In 1959 Dayan, a member of the Labour Party, was elected to the Knesset and soon afterwards David Ben-Gurion made him Minister of Agriculture. In 1966 Dayan left the Labour Party to set up the Rafi Party. The following year he was appointed Minister of Defence.

In May 1967 Arab armies began assembling long the frontiers with Israel. At the same time General Gamal Abdel Nasser ordered a blockade of the Gulf of Aqaba. General Dayan decided on a pre-emptive strike. On 5th June, 1967, the Israeli airforce bombed the airfields in Egypt, Syria, Iraq and Jordan. Egyptian tanks were also destroyed in Sinai and the Israeli army reached the Suez Canal and the west bank of the Jordan river on 7th June. Over the next three days the Israelis captured the Golan Heights and territory in Syria. The Six-Day War reopened the Gulf of Aqaba. It also gave Israel control over the West Bank of Jordan and the 600,000 Arabs living in that area.

Golda Meir became prime minister in 1969. In this post she clashed with Dayan who wanted to colonize the Arab territories occupied during the Six-Day War. For a while Meir wanted to negotiate a peace settlement that would allow the return of Sinai to Egypt and the Golan Heights to Syria. However, she eventually sided with Dayan.

On 6th October 1973, Egyptian and Syrian forces launched a surprise attack on Israel. Two days later the Egyptian Army crossed the Suez Canal while Syrian troops entered the Golan Heights. Israeli troops counter-attacked on 8th October. They crossed the Suez Canal near Ismailia and advanced towards Cairo. The Israelis also recaptured the Golan Heights and moved towards the Syrian capital. The October War came to an end when the United Nations arranged a cease-fire on 24th October.
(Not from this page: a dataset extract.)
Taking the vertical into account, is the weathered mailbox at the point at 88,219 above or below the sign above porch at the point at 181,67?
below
Dayan was blamed for Israel's poor start to the war and was forced to resign. However, in 1977 Menachem Begin appointed him as Foreign Minister and in September 1978 arranged for Begin and Anwar Sadat of Egypt to signed a peace treaty between the two countries.

Dayan published Diary of the Sinai Campaign (1966), Story of My Life (1978) and Living With the Bible (1978). Moshe Dayan died in 1981.